Липецкая: — Я сегодня купила себе духи. Те я разбила. Слушала Седьмую симфонию и разбила.

— Я слышу — какой-то другой запах.

— Двадцать рублей. Самое дорогое, то есть и самое лучшее. Я вдруг поняла, что это не противно. Вполне прилично. Я очень люблю духи. И сейчас это нам необходимо. Где только не приходится тереться. Да, начинается концерт...

— Он начинается часов в шесть?..

— Он начинается часов в семь и помещается, к сожалению, в конце Международного. Этот самый хлебозавод.
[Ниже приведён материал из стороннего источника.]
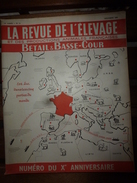 1955 LRDLE :La Revue De L'Elevage  N° SPECIAL  ----->Chevaux;Aviculture;Porcins;Moutons;Viande Et Lait;etc - Animals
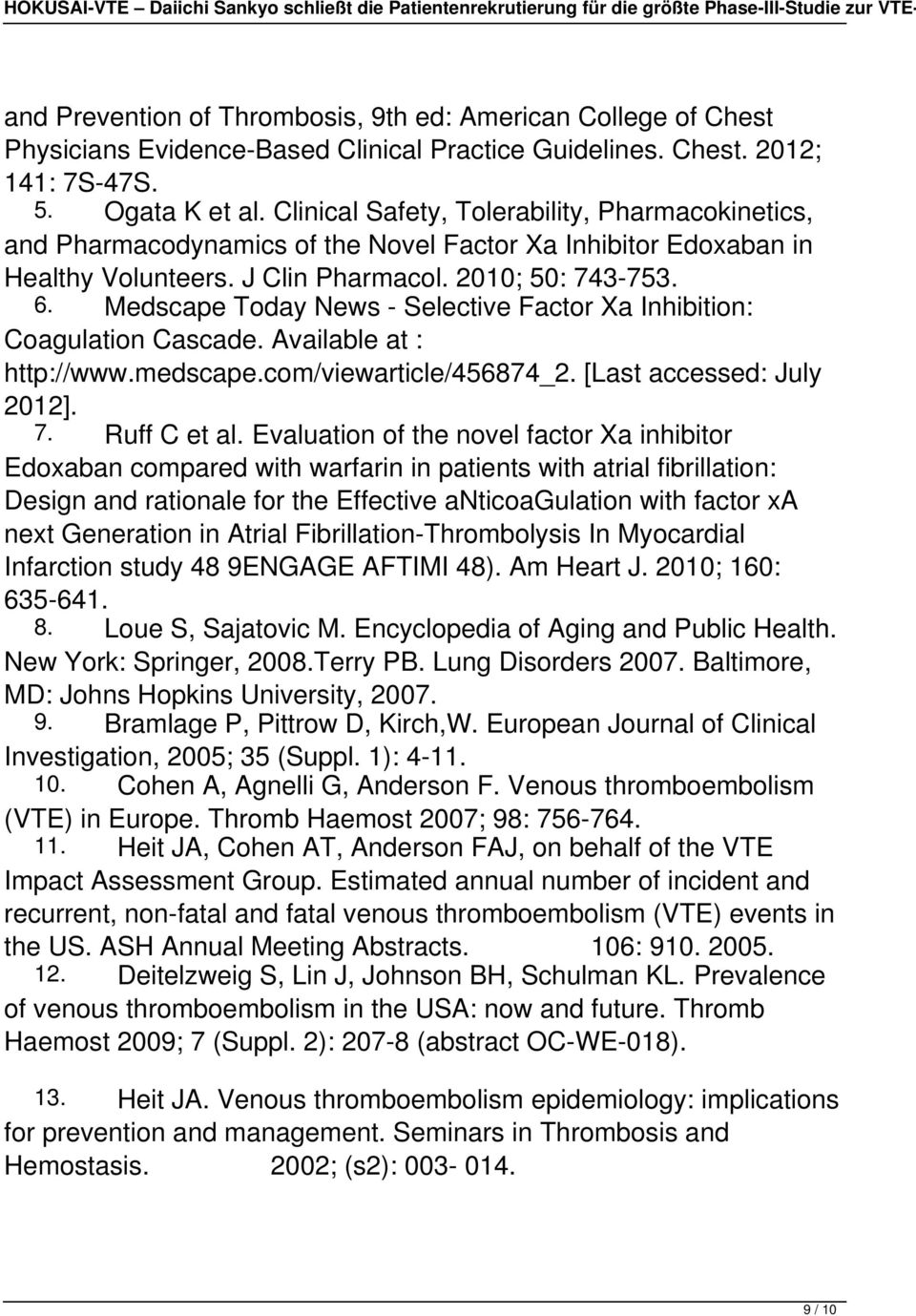 J Clin Pharmacol. 2010; 50: 743-753. 6. Medscape Today News - Selective Factor Xa Inhibition: Coagulation Cascade. Available at : http://www.medscape.com/viewarticle/456874_2.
— Дай Бог, чтобы в девять...

— Вечером мы, наверное, перекликнемся. Дом вовсе не 8-а, а 14, во дворе. Наряд на вас у меня уже есть.

— Насчет 14 во дворе. Зонне подходит ко мне и говорит, нельзя ли начать позднее...

— Тогда поедете без меня. Я все объясню. Выйдете из двадцатки, пройдете буквально один дом. Ярцев (П. В.): — Так, слушаю вас.

— Так, тут было три рассказика.

— А стало два.

— А стало два.

— А мы поглядим, поглядим.

— Хорошие рассказы. Можно было и три.

— Нет, это много, у актеров воздуха не будет.

— Я решила, чтобы был воздух. Вы можете подождать пять минут?

— Ни одной. Мне должны впрыскивать аскорбин. Наконец я добился. Так что иду оскорбляться.

В разговоре со своим коллегой Ярцевым Липецкая продолжает ту же партию, с тем же удивительным отсутствием словесной маскировки. Но разговор о покупке духов — это не просто лобовое хвастовство, здесь есть более тонкая глубинная тема — победы над обстоятельствами. Обстоятельства до такой степени побеждены, что можно относиться к духам не как к явлению ослепительному, сказочному (в ситуации самой неподходящей для духов), но говорить о них свысока (не противно, прилично...), применяя критерии нормальной жизни.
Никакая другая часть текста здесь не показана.